Gide l’Européen
Sur : André Gide, l’Européen, avec un texte inédit d’André Gide, sous la direction de Martina Della Casa, Paris, Classiques Garnier, 2018, 349 p.
Martina Della Casa nous invite à nous plonger dans la pensée européenne d’André Gide. Selon l’écrivain, l’Europe devrait fonctionner comme un orchestre. Le secret, pour une mélodie harmonieuse, est de ne pas rechercher l’uniformité. Chaque membre de l’orchestre doit composer sa propre partition, afin de créer une symphonie. Pour ce faire, il est nécessaire de rompre avec la ritournelle du christianisme dogmatique, afin d’encourager la libération de l’esprit et le développement individuel. C’est en écoutant et non en réinterprétant le chant du Christ – prônant une éthique du renoncement – que l’Europe parviendra à se remettre au diapason. Il s’agit donc d’un renoncement qui permettra à chaque instrument de s’inscrire dans le concert européen,tout en préservant sa sonorité propre.
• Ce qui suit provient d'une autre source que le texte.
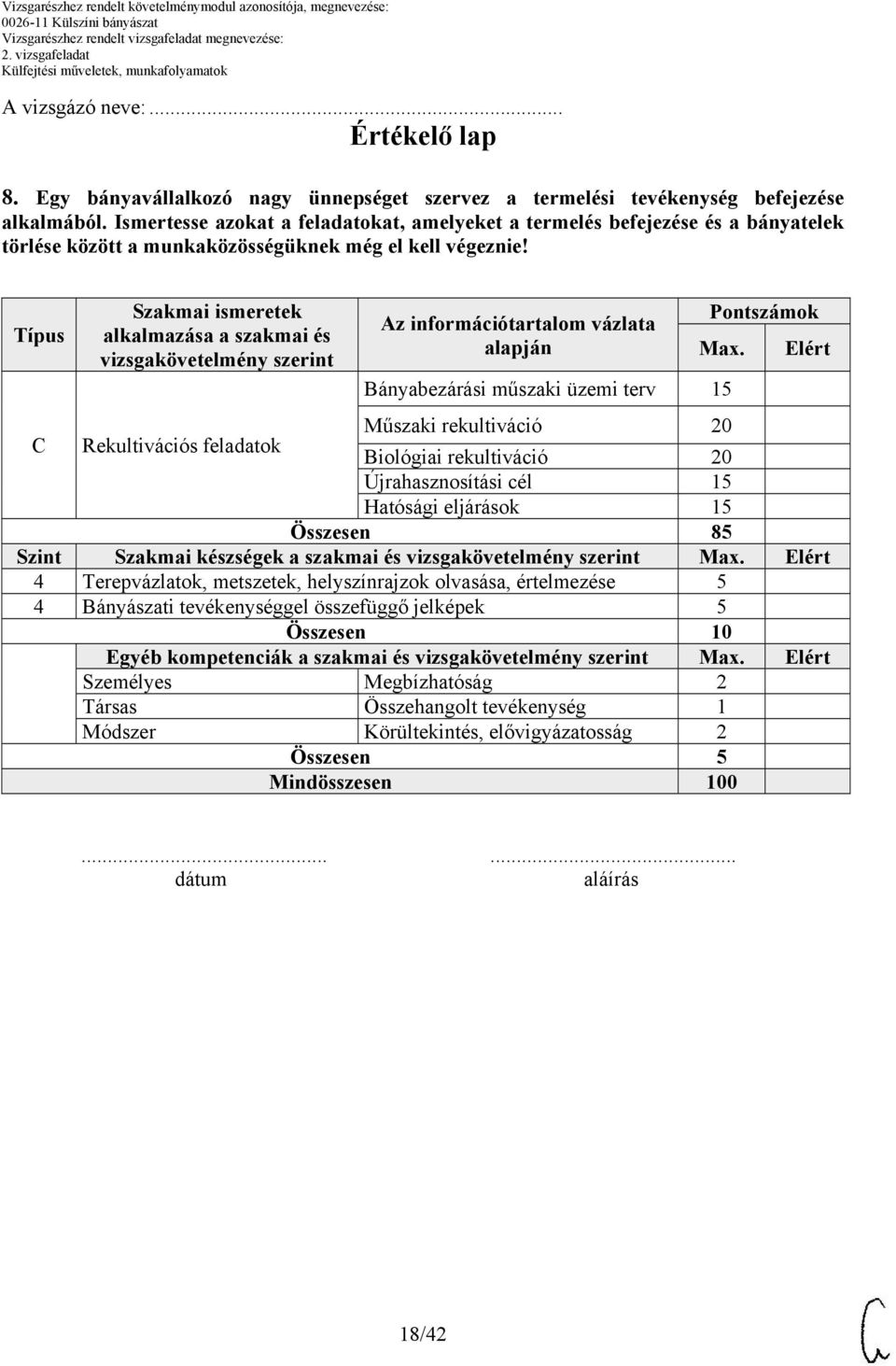 Típus Szakmai ismeretek alkalmazása a szakmai és vizsgakövetelmény szerint Az információtartalom vázlata alapján Pontszámok Max.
C’est l’Italie, à la résonance à la fois chrétienne et païenne, artistique et naturelle, ainsi qu’au génie « fécond », qui représenterait la base de cet ensemble. Elle rappelle une identité commune. Entre la France et l’Allemagne, l’harmonie est plus délicate à trouver. Ces deux pays rivaux connaissent, en effet, de nombreuses dissonances. Mais Gide insiste, même si la puissance allemande peut effrayer : sa présence reste indispensable dans l’orchestre européen. Goethe et Nietzsche, compositeurs germaniques ayant grandement contribué à l’élaboration de l’hymne à la liberté, mènent la pensée gidienne, à la manière d’un premier violon. Le Français, admirateur de Chopin, cherche également à former des accords avec certains solistes d’outre-Rhin, notamment Thomas Mann, qu’il soutient dans sa mise en garde contre le nazisme à consonance wagnérienne. Le Luxembourg, représenté par la famille Mayrisch, joue en legato, afin de lier les notes françaises avec les notes allemandes. Gide vante ainsi les mérites des petits ensembles comme celui-ci, même si la musique suisse, qui sonne à son oreille de manière un peu trop protestante, lui est peu agréable.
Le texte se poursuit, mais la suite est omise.